Stewardship Efforts

Paving the Way for Future Generations

“And he have it for his opinion that whoever could make two ears of corn or two blades of grass grow on a spot of ground, where only one had grown before, would deserve more of mankind, and would have done more essential service to his country, than the entire race of politicians put together.” -Jonathan Swift (1667-1745), Gulliver’s Travels

Well, maybe Mr. Swift was being a bit too hard on politicians…but here’s to the stewardship of soil! This is why we aspire to take good care of this land that we do not own, but that we have been given responsibility for. The following video talks about a project to leave extra water for cutthroat trout spawning in Wasson Creek. Combined with a fencing project that kept cattle off the creek long enough for re-vegetation to occur, this has greatly increased the fish population in this little tributary of the Blackfoot river.

For 11 years now, we have been working to manage invasive species such as Knapweed, Sulfur Cinquefoil, and Houndstongue using sheep or goats. With the help of a grant from the MT Sheep Institute, George Hirschenberger from the Bureau of Land Management, Sieben Livestock Co, and Sieben Ranch, a wonderful family of Peruvian herders, Montana State University, and many others, we are working to combat spotted knapweed on 6,000 acres of ground that lies east of hwy 141. The sheep are herded through areas of high knapweed density during the time when it has bloomed, and they eat the seed heads to prevent as many plants from going to seed as possible.

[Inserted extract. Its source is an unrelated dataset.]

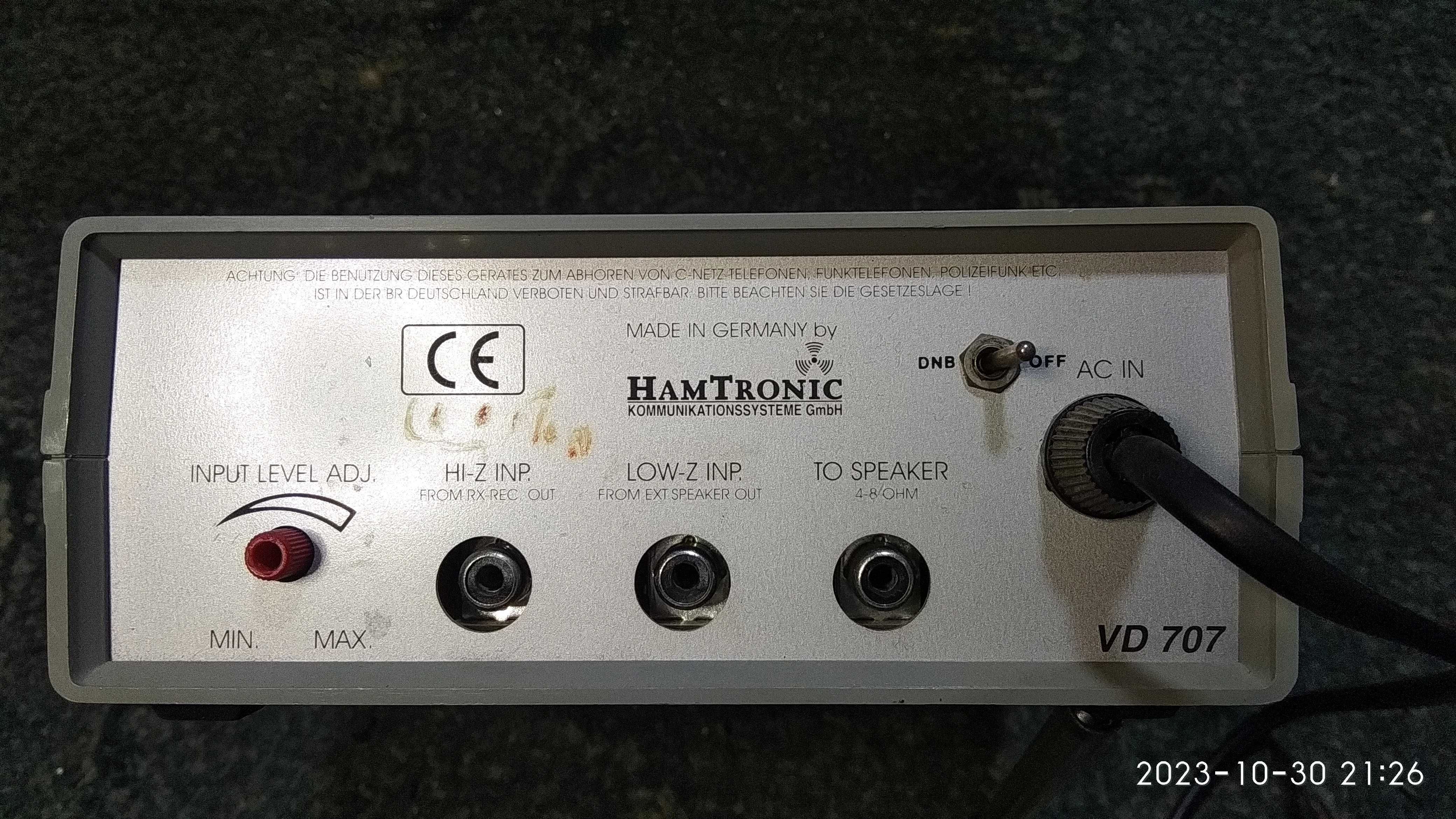 HamTronic VD 707 Voice-Inverse Decoder radioamatori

SheepGrazeFlat2Managing noxious weeds can be a very big challenge, and the knapweed project is no exception. Because knapweed seeds can survive in the soil for 10 years or more, and because there are always plenty of sources of new seed (wind, birds, animals), our focus is to manage for healthy soil and diverse grass species so that there are plenty of competitors for hardy invasive plants.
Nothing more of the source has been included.